## EXERCISE DETAILS
Copy nothing but the lines below running from the line containing "Sapone per piatti ecologico, senza plastica" through the line containing "Jack Nicklaus XL golf shirt", both end lines included.

- Opening Delimiter -

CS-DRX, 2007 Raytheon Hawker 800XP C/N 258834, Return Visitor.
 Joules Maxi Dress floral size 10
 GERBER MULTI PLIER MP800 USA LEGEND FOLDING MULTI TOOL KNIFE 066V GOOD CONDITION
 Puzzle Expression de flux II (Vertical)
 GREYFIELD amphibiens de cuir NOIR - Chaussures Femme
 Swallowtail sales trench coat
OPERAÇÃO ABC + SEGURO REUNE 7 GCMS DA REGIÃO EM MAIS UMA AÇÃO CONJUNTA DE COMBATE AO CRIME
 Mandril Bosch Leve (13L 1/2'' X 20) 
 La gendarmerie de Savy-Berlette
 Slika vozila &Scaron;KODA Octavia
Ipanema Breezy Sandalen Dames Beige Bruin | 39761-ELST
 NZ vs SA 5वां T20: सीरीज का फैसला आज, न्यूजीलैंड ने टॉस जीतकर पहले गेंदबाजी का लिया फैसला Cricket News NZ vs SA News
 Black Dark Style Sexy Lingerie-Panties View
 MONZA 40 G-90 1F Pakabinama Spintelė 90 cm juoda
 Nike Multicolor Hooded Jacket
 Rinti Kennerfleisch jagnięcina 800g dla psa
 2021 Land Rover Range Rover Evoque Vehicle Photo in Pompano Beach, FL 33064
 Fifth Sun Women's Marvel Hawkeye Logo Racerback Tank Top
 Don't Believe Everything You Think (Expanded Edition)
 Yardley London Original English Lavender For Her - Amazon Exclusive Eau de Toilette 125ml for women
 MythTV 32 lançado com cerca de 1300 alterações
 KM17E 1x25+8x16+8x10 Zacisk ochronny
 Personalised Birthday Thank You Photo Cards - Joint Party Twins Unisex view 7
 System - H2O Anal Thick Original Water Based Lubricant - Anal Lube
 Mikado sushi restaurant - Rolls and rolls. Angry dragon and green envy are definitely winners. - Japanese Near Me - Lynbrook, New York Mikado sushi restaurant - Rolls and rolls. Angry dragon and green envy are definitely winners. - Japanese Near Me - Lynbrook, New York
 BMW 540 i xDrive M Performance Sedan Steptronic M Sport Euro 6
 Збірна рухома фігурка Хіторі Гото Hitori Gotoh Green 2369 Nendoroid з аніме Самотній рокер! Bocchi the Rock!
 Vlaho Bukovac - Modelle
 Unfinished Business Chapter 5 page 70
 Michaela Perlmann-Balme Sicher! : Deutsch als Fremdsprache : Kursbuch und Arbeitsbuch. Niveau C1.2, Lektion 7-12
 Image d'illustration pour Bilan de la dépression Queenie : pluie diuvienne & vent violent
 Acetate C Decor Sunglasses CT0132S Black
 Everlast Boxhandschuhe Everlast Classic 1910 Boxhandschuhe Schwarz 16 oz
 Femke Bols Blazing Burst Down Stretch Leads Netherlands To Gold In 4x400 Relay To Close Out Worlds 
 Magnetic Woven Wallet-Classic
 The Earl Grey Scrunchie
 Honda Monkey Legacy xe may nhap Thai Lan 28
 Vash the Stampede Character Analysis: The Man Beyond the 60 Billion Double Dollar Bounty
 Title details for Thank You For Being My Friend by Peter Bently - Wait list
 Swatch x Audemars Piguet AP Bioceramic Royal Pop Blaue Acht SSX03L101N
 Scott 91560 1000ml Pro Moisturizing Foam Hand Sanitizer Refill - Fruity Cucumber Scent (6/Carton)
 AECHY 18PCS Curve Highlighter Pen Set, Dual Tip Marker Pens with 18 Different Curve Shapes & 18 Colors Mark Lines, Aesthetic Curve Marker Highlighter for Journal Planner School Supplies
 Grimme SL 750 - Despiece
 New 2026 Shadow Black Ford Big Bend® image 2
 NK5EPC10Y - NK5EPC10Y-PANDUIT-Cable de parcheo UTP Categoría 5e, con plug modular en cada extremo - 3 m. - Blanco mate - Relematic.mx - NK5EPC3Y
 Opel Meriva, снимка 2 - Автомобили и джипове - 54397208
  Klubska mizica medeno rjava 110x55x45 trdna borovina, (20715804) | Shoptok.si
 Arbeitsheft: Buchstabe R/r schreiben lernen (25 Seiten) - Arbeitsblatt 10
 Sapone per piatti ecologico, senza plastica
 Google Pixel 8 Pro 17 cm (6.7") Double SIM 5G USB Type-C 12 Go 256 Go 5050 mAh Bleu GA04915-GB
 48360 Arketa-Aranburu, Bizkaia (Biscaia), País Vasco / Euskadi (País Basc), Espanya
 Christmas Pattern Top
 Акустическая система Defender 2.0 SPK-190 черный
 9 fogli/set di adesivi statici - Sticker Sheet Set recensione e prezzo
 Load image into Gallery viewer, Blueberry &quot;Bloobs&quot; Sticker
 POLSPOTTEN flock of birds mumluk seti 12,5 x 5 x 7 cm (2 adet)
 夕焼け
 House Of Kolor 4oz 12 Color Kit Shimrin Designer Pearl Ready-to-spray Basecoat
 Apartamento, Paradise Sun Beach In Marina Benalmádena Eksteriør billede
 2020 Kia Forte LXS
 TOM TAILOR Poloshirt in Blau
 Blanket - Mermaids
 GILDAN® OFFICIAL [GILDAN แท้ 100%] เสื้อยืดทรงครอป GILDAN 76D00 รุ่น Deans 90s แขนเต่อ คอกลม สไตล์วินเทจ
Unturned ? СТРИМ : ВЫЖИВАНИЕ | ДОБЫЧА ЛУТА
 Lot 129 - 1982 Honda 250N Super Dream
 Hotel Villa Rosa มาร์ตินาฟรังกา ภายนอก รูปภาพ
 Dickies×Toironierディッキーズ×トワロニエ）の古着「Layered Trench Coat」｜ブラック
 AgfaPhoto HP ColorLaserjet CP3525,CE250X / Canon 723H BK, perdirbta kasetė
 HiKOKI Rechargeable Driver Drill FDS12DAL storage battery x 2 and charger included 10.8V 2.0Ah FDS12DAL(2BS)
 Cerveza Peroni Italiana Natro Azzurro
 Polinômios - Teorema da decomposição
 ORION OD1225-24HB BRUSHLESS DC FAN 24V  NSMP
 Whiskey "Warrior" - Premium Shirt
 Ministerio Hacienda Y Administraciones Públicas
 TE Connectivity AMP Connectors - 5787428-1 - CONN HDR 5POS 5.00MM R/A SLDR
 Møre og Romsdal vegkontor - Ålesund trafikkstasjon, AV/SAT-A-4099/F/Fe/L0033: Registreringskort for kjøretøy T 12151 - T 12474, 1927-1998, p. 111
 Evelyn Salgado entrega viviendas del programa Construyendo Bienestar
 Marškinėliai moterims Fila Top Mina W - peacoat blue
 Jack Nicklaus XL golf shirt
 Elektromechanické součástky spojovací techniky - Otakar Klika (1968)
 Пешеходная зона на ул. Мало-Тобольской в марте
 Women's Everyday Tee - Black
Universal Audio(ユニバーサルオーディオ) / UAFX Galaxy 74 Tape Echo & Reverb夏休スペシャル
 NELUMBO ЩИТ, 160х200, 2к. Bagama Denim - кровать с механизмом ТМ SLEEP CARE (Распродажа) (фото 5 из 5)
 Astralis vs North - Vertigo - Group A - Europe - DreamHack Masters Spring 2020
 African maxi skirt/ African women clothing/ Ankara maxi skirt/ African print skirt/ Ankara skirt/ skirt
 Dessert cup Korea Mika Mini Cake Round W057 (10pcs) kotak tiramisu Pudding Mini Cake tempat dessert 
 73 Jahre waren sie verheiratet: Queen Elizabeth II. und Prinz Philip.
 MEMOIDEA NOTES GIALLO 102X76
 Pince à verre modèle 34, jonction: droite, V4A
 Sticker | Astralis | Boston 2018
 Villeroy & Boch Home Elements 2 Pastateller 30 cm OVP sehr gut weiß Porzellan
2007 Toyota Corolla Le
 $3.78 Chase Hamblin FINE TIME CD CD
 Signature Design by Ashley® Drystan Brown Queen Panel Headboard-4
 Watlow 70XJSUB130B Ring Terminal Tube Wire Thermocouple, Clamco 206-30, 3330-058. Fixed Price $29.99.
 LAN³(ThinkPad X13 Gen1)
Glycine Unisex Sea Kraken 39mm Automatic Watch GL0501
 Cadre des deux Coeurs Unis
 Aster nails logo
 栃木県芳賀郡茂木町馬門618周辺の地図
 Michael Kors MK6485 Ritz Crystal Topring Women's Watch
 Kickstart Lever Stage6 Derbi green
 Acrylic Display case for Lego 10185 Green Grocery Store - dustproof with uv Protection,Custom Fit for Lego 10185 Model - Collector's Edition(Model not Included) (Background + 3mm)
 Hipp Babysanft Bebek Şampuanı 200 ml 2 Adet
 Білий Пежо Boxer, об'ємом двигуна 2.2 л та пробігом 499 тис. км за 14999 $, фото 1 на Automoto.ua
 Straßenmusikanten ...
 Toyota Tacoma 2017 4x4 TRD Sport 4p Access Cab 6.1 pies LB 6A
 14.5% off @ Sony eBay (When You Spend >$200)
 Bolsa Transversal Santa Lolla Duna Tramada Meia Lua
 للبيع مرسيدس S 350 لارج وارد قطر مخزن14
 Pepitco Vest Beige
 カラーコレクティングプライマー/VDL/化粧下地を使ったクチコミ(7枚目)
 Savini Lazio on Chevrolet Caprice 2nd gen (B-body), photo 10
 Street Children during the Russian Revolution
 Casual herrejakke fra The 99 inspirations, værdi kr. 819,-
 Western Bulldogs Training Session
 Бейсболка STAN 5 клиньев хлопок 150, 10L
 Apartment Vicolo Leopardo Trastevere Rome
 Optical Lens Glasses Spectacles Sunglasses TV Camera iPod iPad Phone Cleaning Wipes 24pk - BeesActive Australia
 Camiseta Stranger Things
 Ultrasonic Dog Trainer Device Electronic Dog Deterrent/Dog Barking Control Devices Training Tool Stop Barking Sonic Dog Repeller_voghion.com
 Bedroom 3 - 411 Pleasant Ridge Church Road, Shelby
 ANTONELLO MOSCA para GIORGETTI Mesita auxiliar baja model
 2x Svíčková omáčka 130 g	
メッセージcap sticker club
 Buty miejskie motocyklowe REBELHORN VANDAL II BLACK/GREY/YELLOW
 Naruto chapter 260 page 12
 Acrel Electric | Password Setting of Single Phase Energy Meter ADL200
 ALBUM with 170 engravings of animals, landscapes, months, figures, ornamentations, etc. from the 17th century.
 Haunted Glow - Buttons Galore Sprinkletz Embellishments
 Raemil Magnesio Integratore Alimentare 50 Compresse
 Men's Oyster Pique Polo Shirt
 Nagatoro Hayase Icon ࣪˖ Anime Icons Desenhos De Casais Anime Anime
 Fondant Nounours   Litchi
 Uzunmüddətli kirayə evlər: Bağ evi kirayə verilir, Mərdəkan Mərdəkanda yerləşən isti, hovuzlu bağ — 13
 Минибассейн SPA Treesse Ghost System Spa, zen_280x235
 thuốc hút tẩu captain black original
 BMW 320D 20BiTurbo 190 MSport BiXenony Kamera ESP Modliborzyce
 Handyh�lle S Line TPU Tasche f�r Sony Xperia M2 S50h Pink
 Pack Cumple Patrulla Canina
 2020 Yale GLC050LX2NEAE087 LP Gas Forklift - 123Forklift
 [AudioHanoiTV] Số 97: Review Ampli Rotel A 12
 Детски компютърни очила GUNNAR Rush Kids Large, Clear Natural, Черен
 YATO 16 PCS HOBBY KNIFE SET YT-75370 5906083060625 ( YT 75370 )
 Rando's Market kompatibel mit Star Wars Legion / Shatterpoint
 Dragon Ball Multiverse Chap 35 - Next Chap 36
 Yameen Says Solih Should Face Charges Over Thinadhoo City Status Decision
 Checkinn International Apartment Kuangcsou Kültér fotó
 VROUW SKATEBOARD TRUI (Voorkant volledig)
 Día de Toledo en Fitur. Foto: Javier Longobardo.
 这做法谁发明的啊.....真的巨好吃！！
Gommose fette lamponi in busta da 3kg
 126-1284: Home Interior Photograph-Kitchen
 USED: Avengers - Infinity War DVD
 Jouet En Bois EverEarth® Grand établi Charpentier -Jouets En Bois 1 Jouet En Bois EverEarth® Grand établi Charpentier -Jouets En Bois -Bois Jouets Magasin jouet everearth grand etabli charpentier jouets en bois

- Closing Delimiter -

## RESULT OF THE TASK
 Sapone per piatti ecologico, senza plastica
 Google Pixel 8 Pro 17 cm (6.7") Double SIM 5G USB Type-C 12 Go 256 Go 5050 mAh Bleu GA04915-GB
 48360 Arketa-Aranburu, Bizkaia (Biscaia), País Vasco / Euskadi (País Basc), Espanya
 Christmas Pattern Top
 Акустическая система Defender 2.0 SPK-190 черный
 9 fogli/set di adesivi statici - Sticker Sheet Set recensione e prezzo
 Load image into Gallery viewer, Blueberry &quot;Bloobs&quot; Sticker
 POLSPOTTEN flock of birds mumluk seti 12,5 x 5 x 7 cm (2 adet)
 夕焼け
 House Of Kolor 4oz 12 Color Kit Shimrin Designer Pearl Ready-to-spray Basecoat
 Apartamento, Paradise Sun Beach In Marina Benalmádena Eksteriør billede
 2020 Kia Forte LXS
 TOM TAILOR Poloshirt in Blau
 Blanket - Mermaids
 GILDAN® OFFICIAL [GILDAN แท้ 100%] เสื้อยืดทรงครอป GILDAN 76D00 รุ่น Deans 90s แขนเต่อ คอกลม สไตล์วินเทจ
Unturned ? СТРИМ : ВЫЖИВАНИЕ | ДОБЫЧА ЛУТА
 Lot 129 - 1982 Honda 250N Super Dream
 Hotel Villa Rosa มาร์ตินาฟรังกา ภายนอก รูปภาพ
 Dickies×Toironierディッキーズ×トワロニエ）の古着「Layered Trench Coat」｜ブラック
 AgfaPhoto HP ColorLaserjet CP3525,CE250X / Canon 723H BK, perdirbta kasetė
 HiKOKI Rechargeable Driver Drill FDS12DAL storage battery x 2 and charger included 10.8V 2.0Ah FDS12DAL(2BS)
 Cerveza Peroni Italiana Natro Azzurro
 Polinômios - Teorema da decomposição
 ORION OD1225-24HB BRUSHLESS DC FAN 24V  NSMP
 Whiskey "Warrior" - Premium Shirt
 Ministerio Hacienda Y Administraciones Públicas
 TE Connectivity AMP Connectors - 5787428-1 - CONN HDR 5POS 5.00MM R/A SLDR
 Møre og Romsdal vegkontor - Ålesund trafikkstasjon, AV/SAT-A-4099/F/Fe/L0033: Registreringskort for kjøretøy T 12151 - T 12474, 1927-1998, p. 111
 Evelyn Salgado entrega viviendas del programa Construyendo Bienestar
 Marškinėliai moterims Fila Top Mina W - peacoat blue
 Jack Nicklaus XL golf shirt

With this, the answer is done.